Il est dans la logique de la transparence et de la connivence
cornélienne qu'il soit fait peu de place aux différences des sexes. Et en effet
la réplique de Rodrigue a la même structure fondamentale que celle de Chimène.
Voici encore des vers qui volent à leur finale jusqu'à se lire
d'une traite, sauf le quatrième légèrement césure à cause de la reprise coup-doux,
le sixième à cause de l'irradiation de gloire, et le septième épelé
presque syllabe par syllabe à cause de la suite insistante : j-m-rr-r-r-m-r-s.

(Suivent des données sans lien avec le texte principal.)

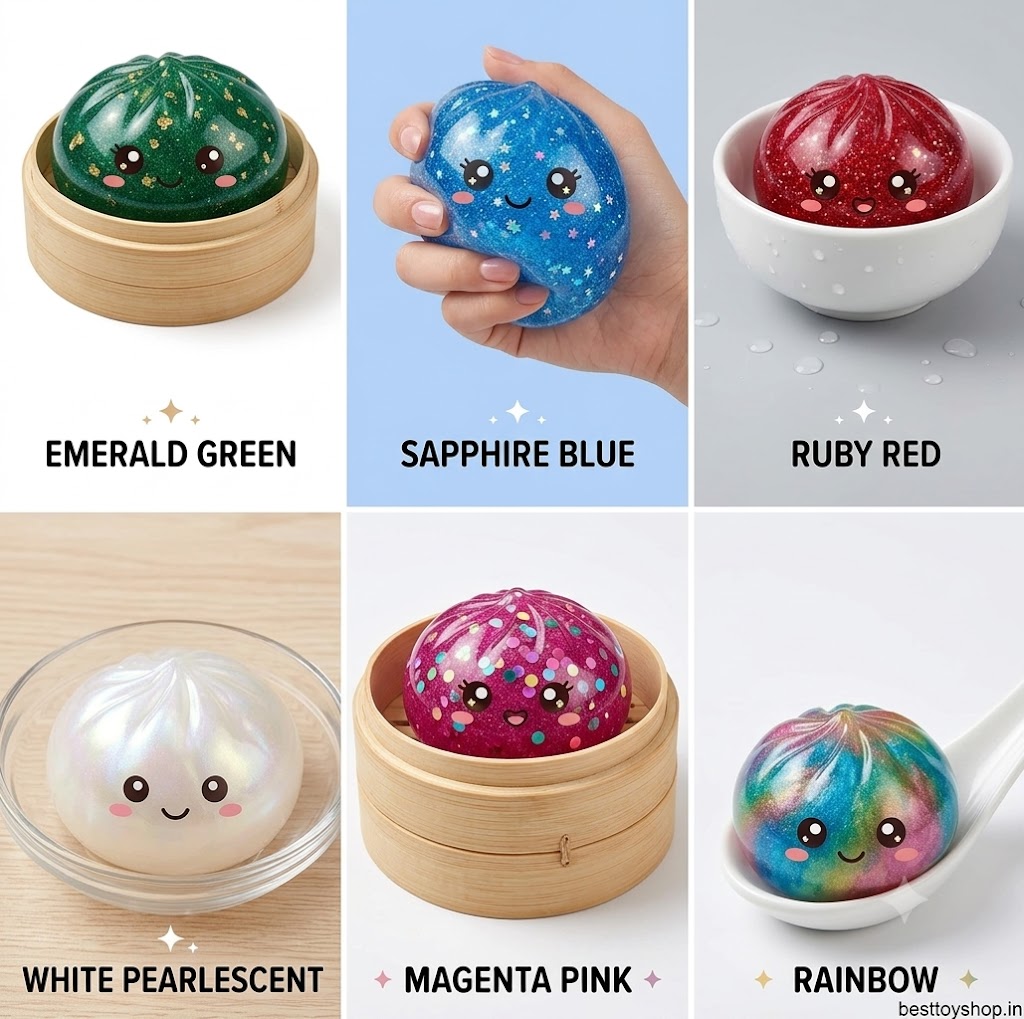 Sparkly Squeeze Dumpling: Gentle Press, Fun Twist, Stretchy Pull, and Satisfying Grasp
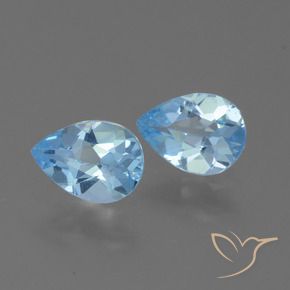 Gemas de Topacio Azul Cielo natural de 1.60 ct, En forma de pera, VVS-VS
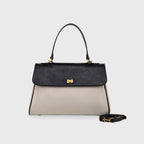 Sac à main Ciara Essential à poignée supérieure – Toile beige et cuir noir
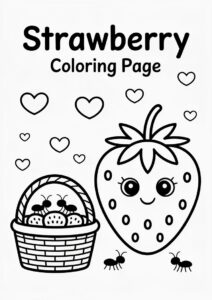 Giant Strawberry Coloring Page Beside A Basket With Ants 2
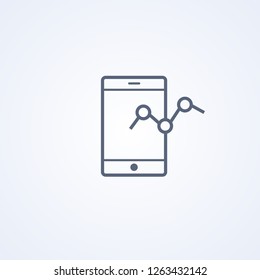Online diagram, vector best gray line icon on white background , EPS 10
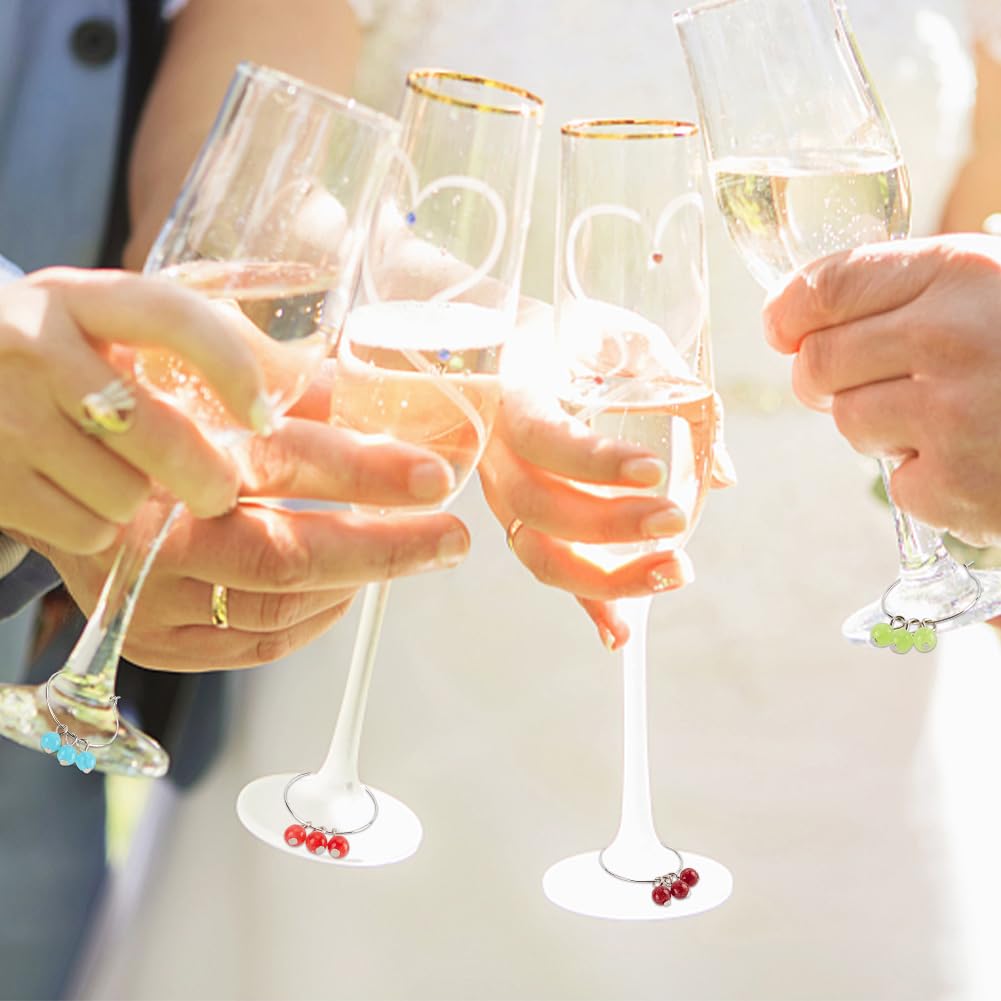 Breloques Identificateurs Pour Verres à Vin - Lot De 15 Avec Perles - Pour Fêtes, Noël, Soirées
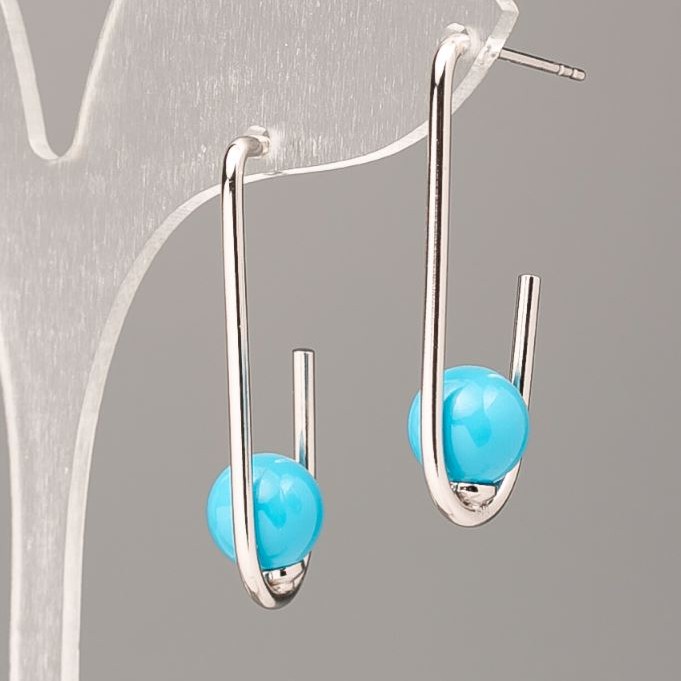 Xuping Earrings with Blue Mallorca Pearl 33x8 mm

La précipitation est même signalée explicitement dans la sémie : Ne differe
donc plus. Les rimes demeurent hautes et plus ou moins rétractées : donne-donne,
rest-rest, tice-plice, annonçant si ; et beau est
moins avancé qu'heureux (Bossuet écrit parfois : hureux, hureusement, bienhureux).
La syntaxe aussi est celle qu'a exploitée Chimène et favorise
les déclenchements de causalité, de conséquence, de concession, d'antithèse. Tantôt
la cause précède naturellement l'effet : II demande ma teste - et je te
l'abandonne. Plus souvent l'effet précède la cause, l'ultérieur précède
l'antérieur : Ne differe donc plus - ce que l'honneur t'ordonne ; Fais-en un
sacrifice - à ce noble interest ; C'est reculer ta gloire - autant que mon
supplice ; Je mourray trop heureux - mourant d'un coup si beau ; Le coup m'en
sera doux - aussi bien que l'arrest. Ces inversions sont sans doute un
autre moyen de se précipiter au but, comme aussi de provoquer la sensation de
tremplin, de déclenchement.
Les tours stylistiques parachèvent ces mécanismes. Ainsi, la
littéralité des images, chère aux Précieux, travaille comme instrument de
franchise et d'excès. Parlant de sa tête qui va tomber, Rodrigue dit à Chimène
: Fais en un sacrifice à ce noble interest. Non pas le sacrifice,
ce qui ferait office d'un trope, mais un sacrifice, marquant bien le
sens propre. Polyeucte dira aussi crûment de ses larmes et du coeur de Pauline
: "J'en verse, et plût à Dieu qu'à force d'en verser Ce coeur trop endurci
se pût enfin percer !" En même temps, se suivent en cascade les
substitutions de pronoms à noms : honneur-il, teste-l', teste-en,
sacrifice-en, procédé qui s'accorde avec le formalisme procédurier, mais
aussi avec les images littérales, dont il estompe les incohérences sans perdre
la crudité. Enfin, on retrouve les balances habituelles, attendre-reculer,
crime-justice, supplice-gloire, confrontant les embrayeurs : ta gloire,
mon supplice. Tout comme dans le discours de Chimène, la ponctuation surabonde
en points et virgules et en doubles points, faisant de chaque vers ou double
vers un événement absolu, non sans marquer les relais, les rebondissements.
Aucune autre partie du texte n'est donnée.